8. Referring to the above definitions, the Commissioner in the impugned order observes that ‘I find that the vacant land inside the security wall qualifies to be the land appurtenant to building’. Further, observing that certain common facilities are being used for stacking of coal, lime, coke, iron ore pallets in the case of M/s. ONGC and also the land has been taken on rent by M/s. MRPL, M/s. HPCL, M/s. HML Agency etc., holds that the vacant land since put to use, exclusion is not permissible in terms of Explanation provided in the amended definition of the taxable service in the category of ‘Renting of Immovable Property Service’. The above observations of the Commissioner cannot be acceded to since the period of dispute in the three show-cause notices which are part of impugned order relates to 01.06.2007 to 2009-10, whereas the amended Notification came into existence only from 01.07.2010 and the period of dispute is prior to the amendment. We also find that the definition of Section 65(105)(zzzz) during the disputed period excluded the vacant land whether or not having facilities clearly incidental to the use of such vacant land, hence, we find justification in the argument of the appellant that prior to 01.07.2010, the appellant was not liable to pay service tax on the vacant land.

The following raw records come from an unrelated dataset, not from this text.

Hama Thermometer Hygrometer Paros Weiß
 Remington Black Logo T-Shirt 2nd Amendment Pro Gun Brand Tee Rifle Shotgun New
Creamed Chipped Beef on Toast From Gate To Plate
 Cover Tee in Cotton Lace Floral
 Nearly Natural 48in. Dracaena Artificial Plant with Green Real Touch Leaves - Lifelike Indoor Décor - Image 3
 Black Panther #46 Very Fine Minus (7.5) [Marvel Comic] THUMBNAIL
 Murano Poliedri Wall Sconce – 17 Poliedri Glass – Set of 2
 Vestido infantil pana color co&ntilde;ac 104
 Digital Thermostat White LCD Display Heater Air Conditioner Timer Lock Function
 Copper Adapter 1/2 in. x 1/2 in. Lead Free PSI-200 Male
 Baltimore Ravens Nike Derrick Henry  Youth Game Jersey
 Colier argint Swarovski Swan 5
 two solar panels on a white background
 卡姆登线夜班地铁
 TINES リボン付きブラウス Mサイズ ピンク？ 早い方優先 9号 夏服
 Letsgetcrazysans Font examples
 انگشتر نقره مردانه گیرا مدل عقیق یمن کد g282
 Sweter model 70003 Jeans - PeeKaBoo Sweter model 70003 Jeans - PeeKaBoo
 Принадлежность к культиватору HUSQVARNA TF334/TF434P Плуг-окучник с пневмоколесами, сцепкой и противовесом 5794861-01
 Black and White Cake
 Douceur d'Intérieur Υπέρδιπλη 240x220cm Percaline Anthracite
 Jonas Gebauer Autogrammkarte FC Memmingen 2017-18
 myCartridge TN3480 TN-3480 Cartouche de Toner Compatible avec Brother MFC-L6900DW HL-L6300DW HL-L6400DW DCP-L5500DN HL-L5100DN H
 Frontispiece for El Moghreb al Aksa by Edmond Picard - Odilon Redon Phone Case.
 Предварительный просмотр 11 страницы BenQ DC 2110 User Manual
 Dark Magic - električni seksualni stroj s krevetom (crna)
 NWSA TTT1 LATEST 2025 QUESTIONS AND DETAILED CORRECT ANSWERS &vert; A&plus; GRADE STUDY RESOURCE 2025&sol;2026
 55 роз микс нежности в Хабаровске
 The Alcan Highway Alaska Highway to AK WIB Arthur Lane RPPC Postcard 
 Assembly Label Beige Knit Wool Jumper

9. We also find that in a similar set of facts, the Hon’ble High Court of Allahabad in the case of Commissioner of S.T. Noida Vs. Greater Noida Development Authority (supra) observed as follows:

17. It is his case that the amendment carried out under the Finance Act of 2010 was only clarificatory in nature and vacant land other than that used for the agriculture, aquaculture, farming, forestry, animal husbandry, mining purpose was clearly defined to be under the purview of the Service tax for the purposes of levy. The insertion of clause (v) under the Finance Act of 2010 w.e.f. 1st July, 2010 did not alter the taxable event of letting of the vacant land on lease or license for business/commerce purpose.

18. The Tribunal has recorded a specific finding that prior to the introduction of new clause on 1st July, 2010 the renting of vacant land within the enumerated taxable service was not embarrassed upon.

19. With reference to its earlier order in the case of assessee itself dated 11-12-2013 it has been recorded as follows :-

“12. Introduction of sub-clause (v) in Explanation I has significantly altered and extended the scope of the taxable service, with effect from 1-7-2010 and consequently vacant land given on lease or licence, for construction of a building or a temporary structure, to be used at a later stage for furtherance of business or commerce, would be ‘immovable property’ and renting of this immovable property would be the taxable service, since 1-7-2010.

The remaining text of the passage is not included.